▶ [GIVEN DATA]
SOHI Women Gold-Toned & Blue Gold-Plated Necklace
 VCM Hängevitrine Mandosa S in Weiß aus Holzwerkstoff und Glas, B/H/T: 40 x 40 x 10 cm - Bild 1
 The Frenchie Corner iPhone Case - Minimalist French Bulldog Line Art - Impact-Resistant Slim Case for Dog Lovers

▶ [ASSIGNMENT] Everything in the data above is to be given again, unchanged.

▶ [WRITTEN ANSWER]
SOHI Women Gold-Toned & Blue Gold-Plated Necklace
 VCM Hängevitrine Mandosa S in Weiß aus Holzwerkstoff und Glas, B/H/T: 40 x 40 x 10 cm - Bild 1
 The Frenchie Corner iPhone Case - Minimalist French Bulldog Line Art - Impact-Resistant Slim Case for Dog Lovers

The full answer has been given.